Contrastare decenni di narcisismo di massa richiede a ciascuno trasformazioni profonde. Trent’anni fa Alexander Langer propose il tema della conversione ecologica, evocando una trasformazione che doveva intrecciare la necessaria riconversione energetica, agricola, urbanistica e industriale con una più profonda trasformazione delle nostre relazioni con la natura, il pianeta e l’iniqua distribuzione delle ricchezze. Nel cercare di individuare un’etica all’altezza di una sfida ecologica che sentiva ineludibile, proponeva di applicare una “regoletta kantiana” così formulata: ciascuno di noi dovrebbe limitare il suo consumo di risorse ed energia, adeguandolo alla possibilità che i sei miliardi di abitanti del pianeta possano consumare altrettanto. Siamo arrivati a essere oltre 7,7 miliardi noi inquilini della Terra e calcolare quali cambiamenti nei consumi e nel nostro stile di vita comporterebbe il prendere sul serio quella “regoletta”, potrebbe costituire un ottimo esercizio per avvicinare al nostro sentire le condizioni di vita materiali di miliardi di nostri coinquilini, comprendendo che già oggi, oltre la metà delle migrazioni forzate di intere popolazioni, sono dovute a fattori climatici e ambientali.

È a scuola che Greta ha visto il documentario con l’isola di plastica più vasta del Messico galleggiare nel Pacifico e non se l’è più tolta dalla testa. È a partire da quella ferita che ha affinato la sua particolare sensibilità che la rende capace – a detta di suo padre – «di vedere l’anidride carbonica a occhio nudo».

Ma poiché per trasformarci abbiamo bisogno di scienza e statistica, ma anche di simboli e immaginario, dunque di poesia, musica, teatro e letteratura, potremmo ricordare le profetiche parole dal dottor Astrov nello Zio Vania, che Anton ?echov fece risuonare in un teatro di Mosca 120 anni fa: «Le foreste si fanno sempre più rade, i fiumi si seccano, la selvaggina si è estinta, il clima è guastato, e di giorno in giorno la terra diventa sempre più povera e più brutta.

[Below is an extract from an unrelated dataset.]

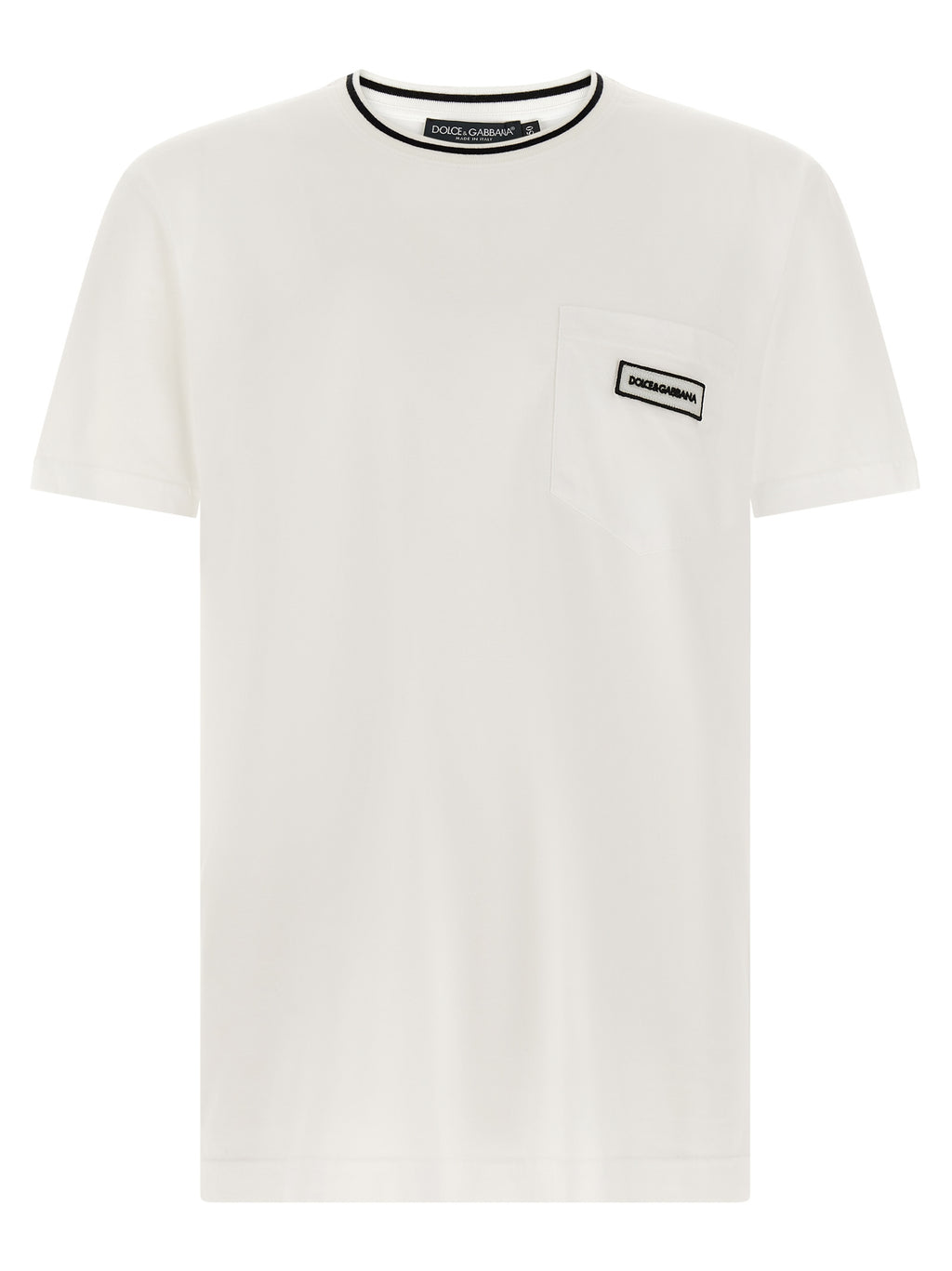 T-shirt blanc en coton de Dolce & Gabbana, mode homme, vue de face, tissu doux et confortable, logo Dolce & Gabbana visible.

Tu mi guardi con ironia (…) ma quando passo vicino alle foreste contadine che ho salvato dal taglio fraudolento, quando sento stormire la mia giovane foresta piantata dalle mie mani, io mi accorgo che il clima è un poco anche in mio potere e che se fra mille anni l’uomo sarà felice, ne avrò un poco anch’io il merito».